The study - conducted between 5 October 2009 and 5 November 2009 and based on responses from 13 583 online South Africans - explored remuneration trends and employee perceptions towards organisational corporate climate and its influence on retention, performance and engagement.
Michelle Bisaro, Careers24 business manager says, "This study identified those issues which positively or negatively impact employees' working environments, influencing their performance and likelihood to go the extra mile or seek alternative employment. While organisations fared above average overall, we found interesting variances among the demographics and sectors, suggesting that staff are, at times, unsatisfied with their working environment despite many organisations' commitment to counter this."
On average, men earn 65% more than women do. To counter this trend, Bisaro suggests women arm themselves with short-course certificates before re-entering the job market. "With a certificate women can earn 20% more than men who have been in the same positions for double the length of time. Industries where this is evident include legal, property, insurance, administration and NGOs."
Indians receive lowest salary increases (0.33%) yet are perceived as the biggest threat by black Africans. This is compared to coloureds (5.65%); black Africans (8.11%) and whites (8.43%).
Black Africans are the most upwardly mobile among the demographics, yet have the least experience for their current positions.
Black professionals can be top earners over 50. While whites are the highest earners from age 31, with the average salary being R19 998 compared to black Africans (R17 296), Indians (R14 099) and coloureds (R13 489), it is black managers over 50 years old who can have the most earning potential, eclipsing all other demographics. "Among over 50s, black professionals on average earn R28 000 a month compared to their white peers who earn R25 500," says Bisaro. This trend can be attributed to EE policies where over 50 black professionals are experienced and in short supply.
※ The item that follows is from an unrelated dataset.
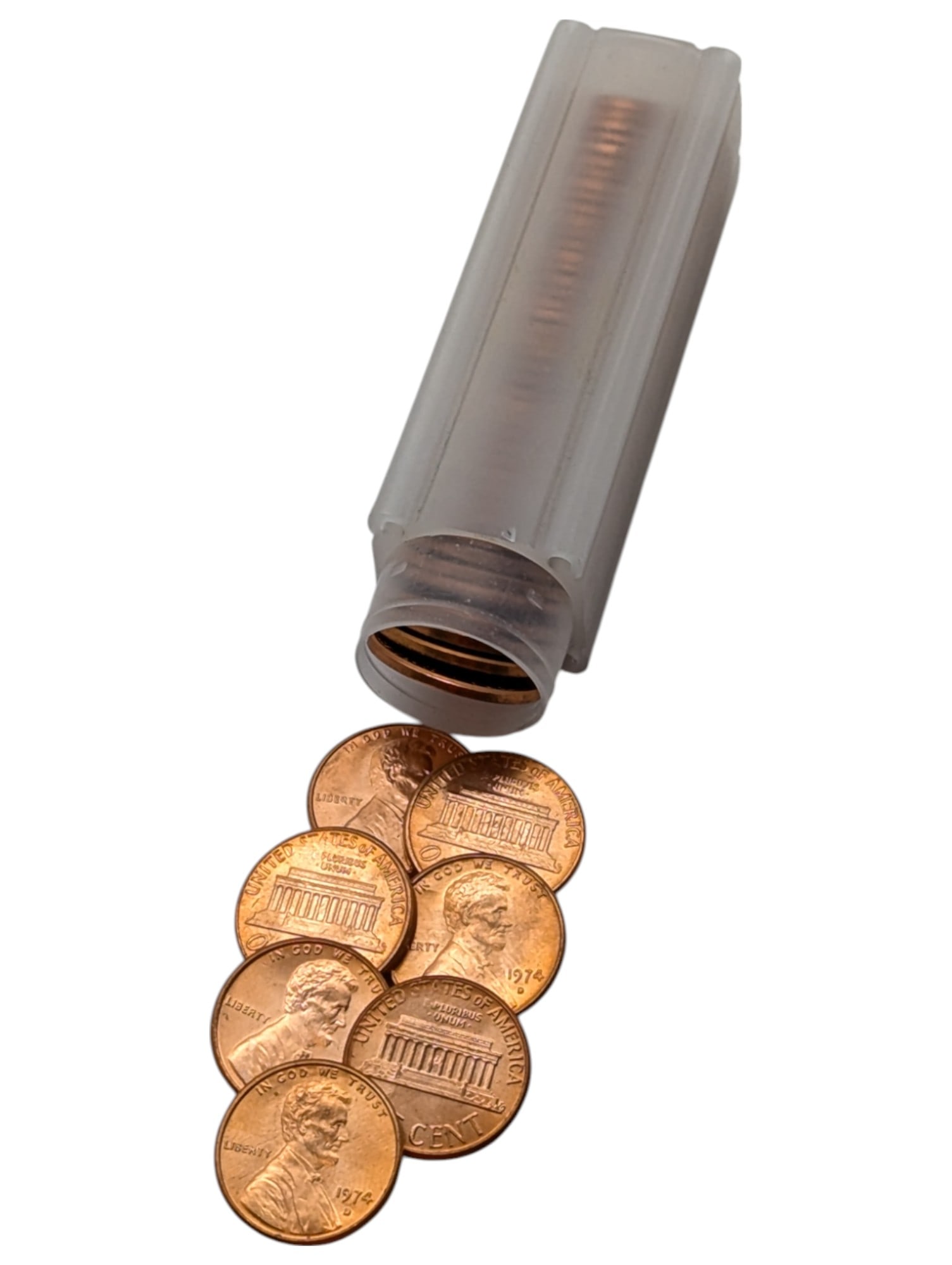 Tube of 50 - 1974-D Lincoln Cents - Uncirculated: Coin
Four years signals time to move on. "If you've been in your job for longer than four years, you are in the minority," says Bisaro. While black professionals are the most likely to job-hop after 3.47 years, whites and coloureds are more likely to stay around, particularly in top management positions where the average length of employment is seven years (compared to black Africans 3,15 and Indians 5,46).
Diploma surplus - despite a dire need for skills in the artisan trades, engineering, healthcare and education sectors, the most common qualification is the diploma. Technical certificate studies are the least prevalent (3.65%) across demographics compared to diplomas (30.81%) and Bachelors (16.10%). Currently the top ten industries on Careers24.com are mining, healthcare, engineering, media, accounting, banking, FMCG and IT; few of which are diploma-based vocations.
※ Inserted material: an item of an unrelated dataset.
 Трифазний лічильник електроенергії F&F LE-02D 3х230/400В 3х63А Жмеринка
Government and media were the least favourable sectors to work in. Government was in the bottom spot for the second year in a row and was consistently last among the sectors when it came to issues of leadership, management, organisation and performance. Geographically, careers in government are concentrated in Mpumalanga, Eastern Cape and Limpopo, which were also among the provinces that performed the worst in the 2009 Matric results. The media was the second worst performer in terms of its working environment. "The changes in traditional media, as influenced by a more on-the-go lifestyle, are having an effect on the performance and engagement of its staff. Change brings with it significant challenges and could account for salary cuts, retrenchments and low staff morale," says Bisaro.
Sectors at the top of their game were engineering, insurance, agriculture and mining
Managers have the most impact on performance, but are not trained for the job. This suggests that those under top management are not being adequately developed for their jobs. "Staff development is generally seen as the responsibility of the managers and supervisors - not an organisation's leaders," explains Bisaro. "Without effective management, organisations are unable to foster an environment that encourages employee's to reach their full potential and could encourage them to seek alternative employment."
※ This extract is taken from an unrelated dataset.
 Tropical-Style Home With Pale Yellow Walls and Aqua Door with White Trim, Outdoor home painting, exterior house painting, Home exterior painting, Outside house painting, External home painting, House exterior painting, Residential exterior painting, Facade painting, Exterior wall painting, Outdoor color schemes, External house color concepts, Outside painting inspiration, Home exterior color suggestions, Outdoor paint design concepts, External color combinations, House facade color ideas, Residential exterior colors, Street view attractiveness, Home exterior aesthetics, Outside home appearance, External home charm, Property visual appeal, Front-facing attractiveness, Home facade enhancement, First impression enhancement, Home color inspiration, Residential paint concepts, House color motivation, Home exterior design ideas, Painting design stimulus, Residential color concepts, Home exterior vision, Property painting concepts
'Underpaid' but satisfied if there is opportunity to grow. "In the past people would begin a job and expect slow growth with slow, incremental increases along a stable career. Employees today realise that jobs change, organisations come and go and that they will be presented with many opportunities for meaningful career change across their working lives. As such, development opportunities have real currency value to employees today," comments Stephen Renecle, a registered industrial psychologist.
Transparency impacts staff performance - leaders have the greatest impact on employee performance by providing an engaging strategic vision and an environment of transparency.